A native of Washington state, Teters moved with her family from Santa Fe. NM, to
Champaign-Urbana, IL, to enroll as  a graduate student in the University of Illinois'
Department of Art. In 1988, she took her two children to the school's Fighting Illini
 basketball game.

Just as it has been occurring for over 63 years, a student dressed as the team's mascot, the
fictitious Chief Illiniwek, leapt and twirled in what was billed at the time as an authentic
dance, as fans in mock war paint yelled war chants from the stands. Teters and her
children cringed in their seats. "I saw my daughter try to become invisible. My son tried to
laugh,".
 

"Our people paid with their very lives to keep what little we have left.. .and that is what I  am protecting.
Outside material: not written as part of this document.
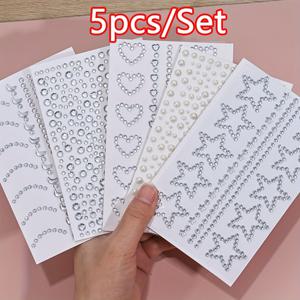 TEMU 5장의 반짝이는 하트 & 별 얼굴 스티커 - DIY 공예, 음악 파티, 축제용 3D 글리터 라인스톤 바디 아트 스티커 합성 보석 포함 (하트, 별, 꽃), 멀티 디자인, 페스티벌 장식, 의상 액세서리, 합성 라인스톤, 반짝이는 보석, 파티 장식, 고광택 마감, 파티 플래너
At home, we are taught to respect eagle feathers, respect the Chiefs,  respect that paint is sacred, that dance is something sacred to us," Teters explains. "If you've never been taught to respect these things, it might not bother you, but if you've  grown up in the community, where those things have meaning, it's going to have that  impact  on you."
Ms. Teters is currently an  artist and Professor at the Institute of American Indian Art at Santa as well as the director of student placement and alumni affairs.   She is the vice president of the National Coalition Against Racism in Sports and Media (NCAR SM) and established the office of racial justice for the National Congress of American Indians. She is a highly sought after speaker on the harmful effects of American Indian stereotpes.

Her efforts to eliminate the use of Indian mascots at the University of Illinois were chronicled in the  documentary "In Whose Honor" which was shown on PBS.